Make an exact transcript of the lines in the data below, starting with the one containing "Suspension Nordik en" and going on through the one containing "Vic Lynn with the Montreal Canadiens", with both included and the pictures left out.

--- Source data Enclosed Below ---

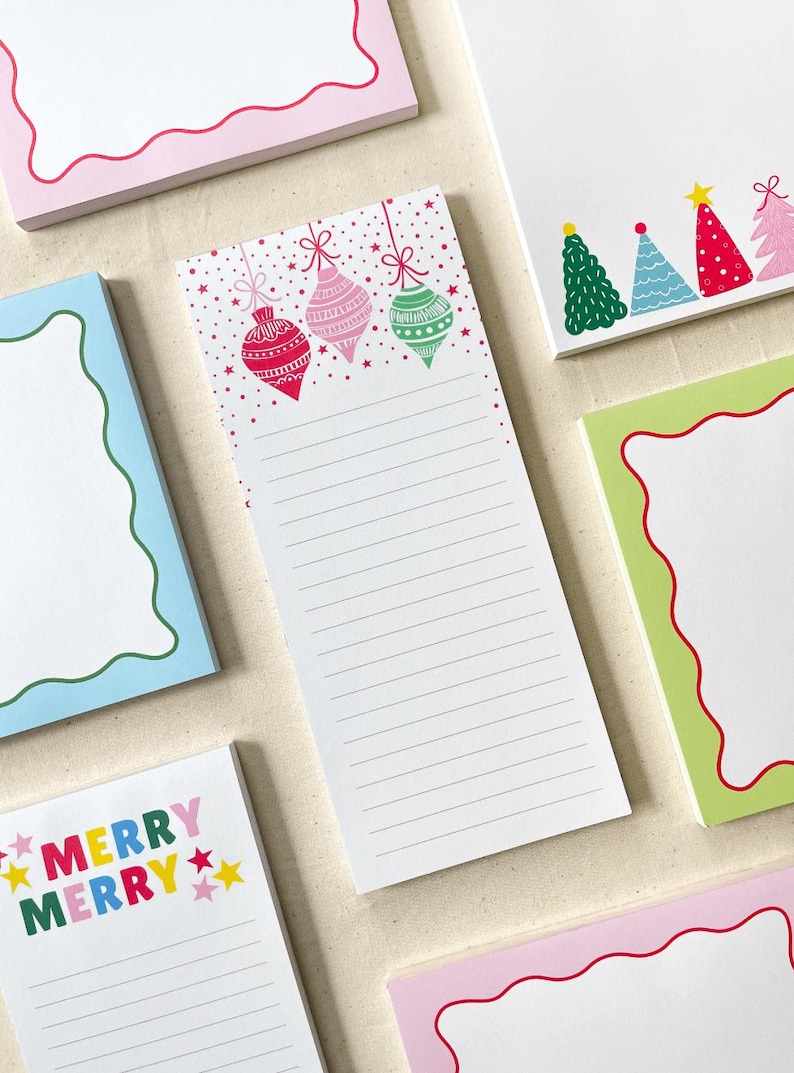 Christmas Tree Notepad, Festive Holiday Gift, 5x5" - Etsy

--- End of Enclosed Source data ---
--- Source data Enclosed Below ---

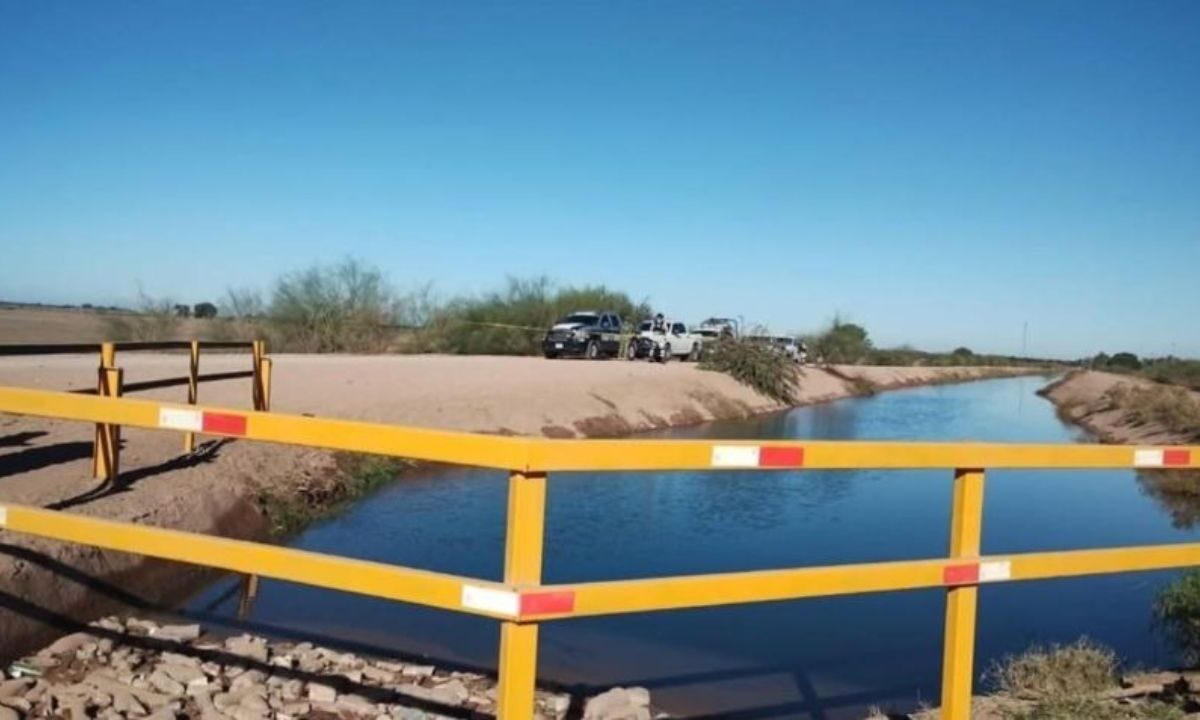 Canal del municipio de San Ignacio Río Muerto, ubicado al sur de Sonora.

--- End of Enclosed Source data ---
--- Source data Enclosed Below ---

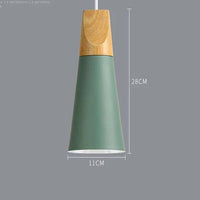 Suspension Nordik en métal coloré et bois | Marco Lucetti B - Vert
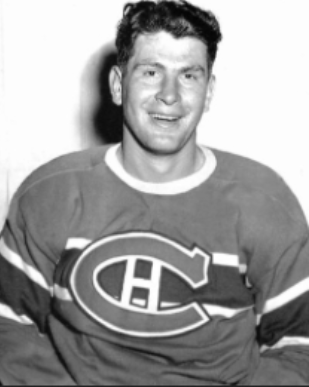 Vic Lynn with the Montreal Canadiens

--- End of Enclosed Source data ---

_Answer to this task:_
 Suspension Nordik en métal coloré et bois | Marco Lucetti B - Vert
 Vic Lynn with the Montreal Canadiens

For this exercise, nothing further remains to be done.